The Process-with-Document AI pipeline allows users to process existing documents with a Document AI processor and update the document properties with the newly extracted entities.
Prerequisites
Before you begin, you need the following:
A Document AI processor ready under the same Google Cloud project.
- If you don't have a processor, follow the steps to create one. You can choose to create any type as long as the processor type matches the document type.
Dedicated Cloud Storage folders for storing exported documents and processed documents.
- Make sure the folders are empty before you start the pipeline.
A schema with mappings between Document AI entities and Document AI Warehouse properties.
The newly extracted entities might not be correctly converted to Document AI Warehouse entities without such a mapping.
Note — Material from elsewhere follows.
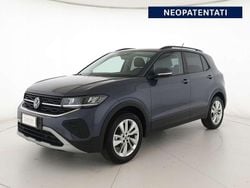 Grigio Nuova 2025 VW T-Cross Edition SUV | 22.900 € (Ottimo prezzo)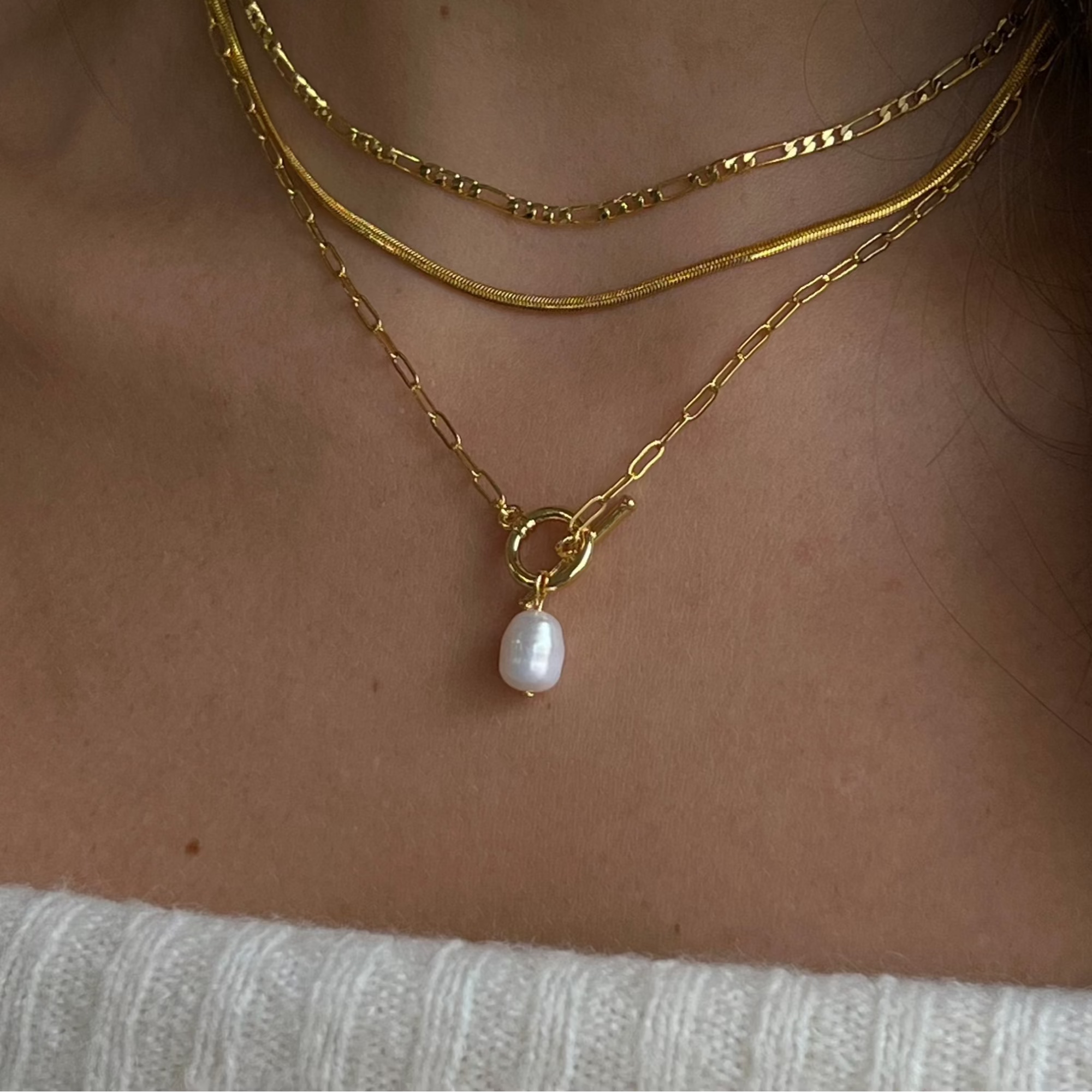 You're The One Necklace - EVRYJEWELS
To add mappings to the schema, follow set schemas with mapping.
Run the pipeline
REST
curl --location --request POST 'https://contentwarehouse.googleapis.com/v1/projects/PROJECT_NUMBER/locations/LOCATION:runPipeline' \
--header 'Content-Type: application/json' \
--header "Authorization: Bearer ${AUTH_TOKEN}" \
--data '{
"name": "projects/PROJECT_NUMBER/locations/LOCATION",
"process_with_doc_ai_pipeline": {
"documents": [
"projects/PROJECT_NUMBER/locations/LOCATION/documents/DOCUMENT"
],
"export_folder_path": "gs://EXPORT_FOLDER",
"processor_info": {
"processor_name": "projects/PROJECT_NUMBER/locations/LOCATION/processors/PROCESSOR"
},
"processor_results_folder_path": "gs://PROCESS_FOLDER"
},
"request_metadata": {
"user_info": {
"id": "user:USER EMAIL ADDRESS"
}
}
}'
The documents
list is the resource names of the documents to be processed. The Cloud Storage folder path export_folder_path
is used to store the exported documents before being sent to the processor. For more information about the request body fields, refer to the API documentation.
This command returns a resource name for a long-running operation. With this resource name, you can track the progress of the pipeline by following the next step.
Get long-running operation result
REST
curl --location --request GET 'https://contentwarehouse.googleapis.com/v1/projects/PROJECT_NUMBER/locations/LOCATION/operations/OPERATION' \
--header "Authorization: Bearer ${AUTH_TOKEN}"
Next steps
Go to Document AI Warehouse UI or call the document:get API to check if documents are successfully updated.